A cette date, la Picardie était très menacée par les Normands qui, de leur quartier d'hiver de Courtrai, vinrent piller Arras et Cambrai en décembre, avant d'étendre leurs courses jusqu'à Amiens et Corbie. C'est sans doute à Compiègne que Louis III et ses conseillers organisèrent l'armée qui allait être victorieuse à Saucourt en Vimeu, tout près de Saint-Riquier. L'acte ne saurait donc être daté du 30 décembre 881 (ce qui correspondrait bien au chiffre de l'indiction, mais exigerait la correction de l'année du règne), car après Saucourt, les Normands avaient reflué sur Asselt (Pays-Bas, prov. Limbourg), la Meuse et le Rhin. La situation, toute différente, n'exigeait plus la protection des domaines de Saint-Riquier et le roi allait se rendre dans l'ouest du royaume. En revanche, en décembre 880, les allées et venues des troupes et des réfugiés expliquent la requête de l'abbé Welf. Comme le dit Hariulf en s'inspirant du précepte et sans se douter de l'exactitude de son propos : « ... villam sanctissimi patris Richarii, Civinicurtem vocabulo, contigit peditum equitumve frequenti transitu nimis gravari ».
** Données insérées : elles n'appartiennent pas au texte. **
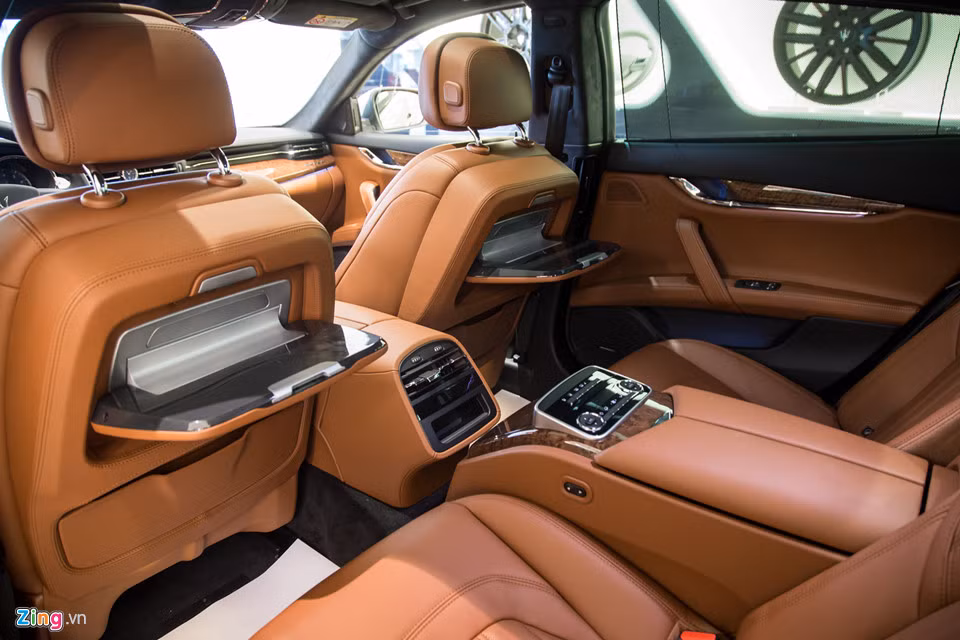 Hàng ghế sau tạo nên khác biệt lớn. Theo đại diện của hãng xe Maserati, đây là chiếc Quattroporte đầu tiên ở Việt Nam có dạng 4 ghế ngồi với bảng điều khiển đặt cố định ở bệ tựa tay. Vì thông thường, bảng điều khiển này đặt ở cụm điều hòa. Ngoài ra còn bàn làm việc, 2 hộc chứa đồ, khay để cốc và màn che nắng.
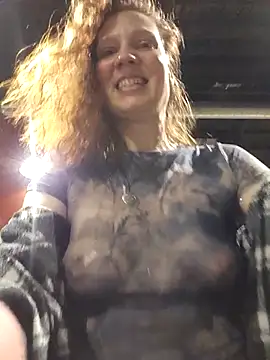 Exhibitionsplit online show from March 2026 10:38:01 PM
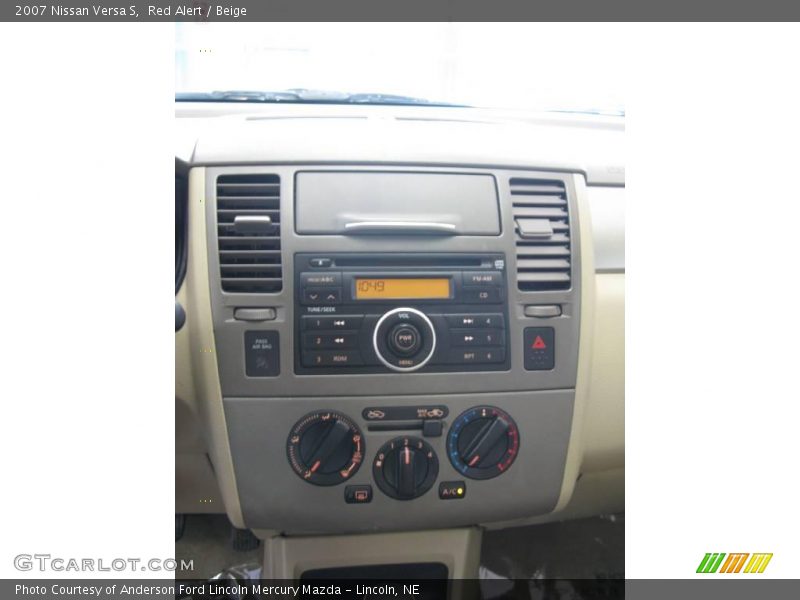 Red Alert / Beige 2007 Nissan Versa S
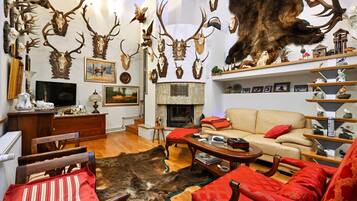 Family House, 3 Bedrooms, Balcony, Mountainside (Hunting Lodge Hills Retreat) | Living area | Flat-screen TV, stereo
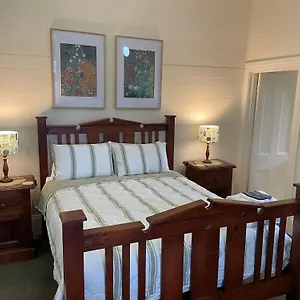4* Guest house Riversleigh House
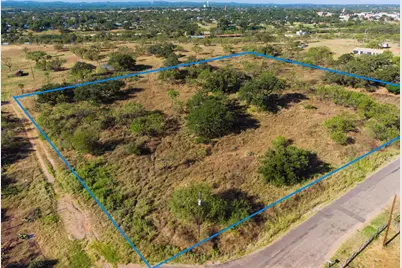 800 E Tarrant St, Llano, TX 78643 - Photo 3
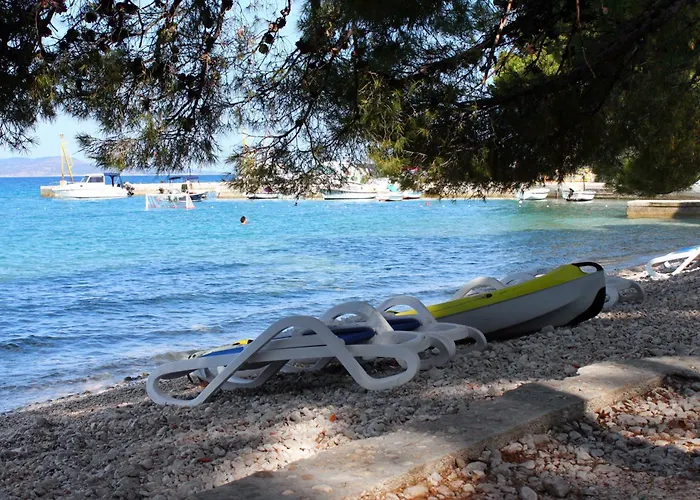 Apartment With Parking Space - 25390 Makarska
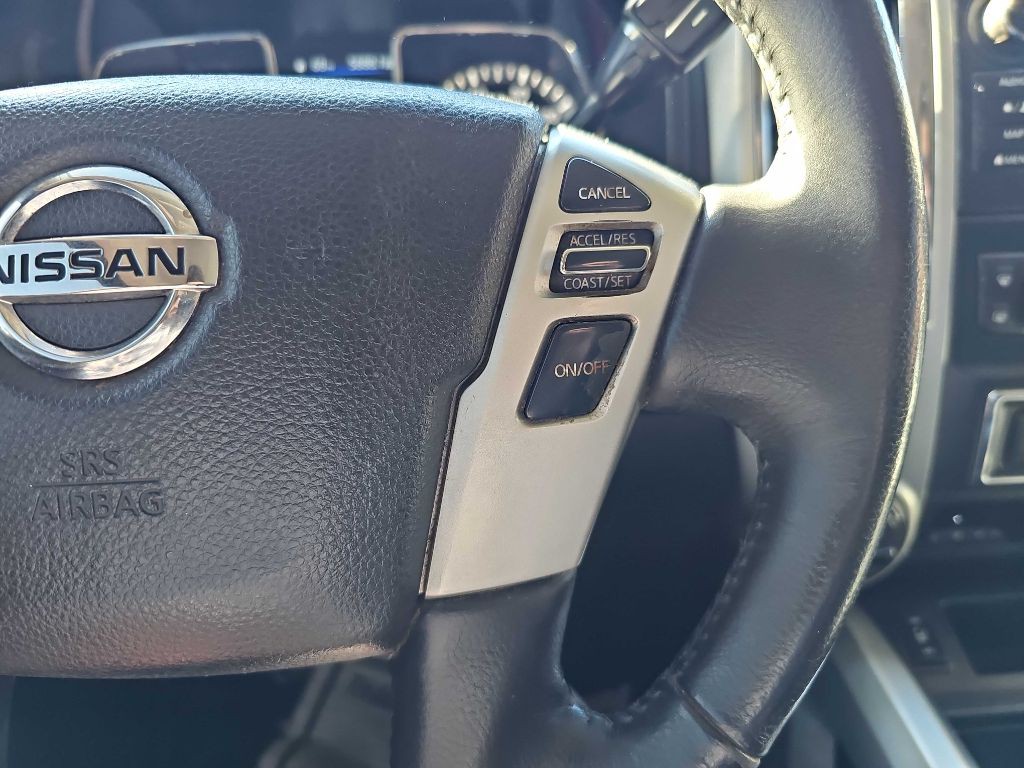 2019 Nissan Titan Image 24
Précepte de forme simple sans préambule, sans annonce de la main royale et, en conséquence, sans monogramme.
Texte établi d'après B b :
In nomine Domini Dei aeterni et Salvatoris nostri Jesu Christi. Hludovicus misericordia Dei rex. Notum sit omnibus sanctae Dei Ecclesiae fidelibus et nostris, praesentibus scilicet atque futuris, quoniam Guelfo, venerabilis abbas et consanguineus noster carissimus, ad nostram accedens serenitatem precatus est ut, propter hospitum oppressionem, facere juberemus praecep tum nostrae auctoritatis ex villa fratrum Sancti Richarii nomine Civinocurte quatenus nemo ibi mansionaticum faciat, nec in hostem vadens, nec iterans, sed libera sit jam dicta villa ab omni oppressione hospitum et libere possit suis senioribus deservire. Nos itaque ejus petitionibus assensum praebentes propter amorem Dei et reverentiam praedicti loci et remedio animae nostrae et ob jam dicti abbatis Guelfonis carissimi consanguinei nostri dilectionem, ita et fecimus. Praecipientes igitur jubemus per hoc praeceptum nostrae auctoritatis ut nullus in praedictam villam ex omni regno nostro introeat causa ullius mansionatici sine voluntate praedictorum fratrum, sed libere ab omnium hospitum oppressione maneat sine ulla resultatione. Si quis vero hoc nostrum praeceptum infringens quidpiam sine licentia fratrum ex praedictis fecerit, argenti libras XXX coactus exsolvat. Et ut haec nostrae concessionis auctoritas per omnia tempora inviolabiliter ab omnibus conservetur, anuli nostri impressione subter eam sigillari jussimus.
Audacher notarius ad vicem Gauzlini recognovit et subscripsit.
Datum III kal. januarii, indictione XV, anno II regnante Hludovico gloriosissimo rege. Actum Compendio palatio. In Dei nomine feliciter. Amen.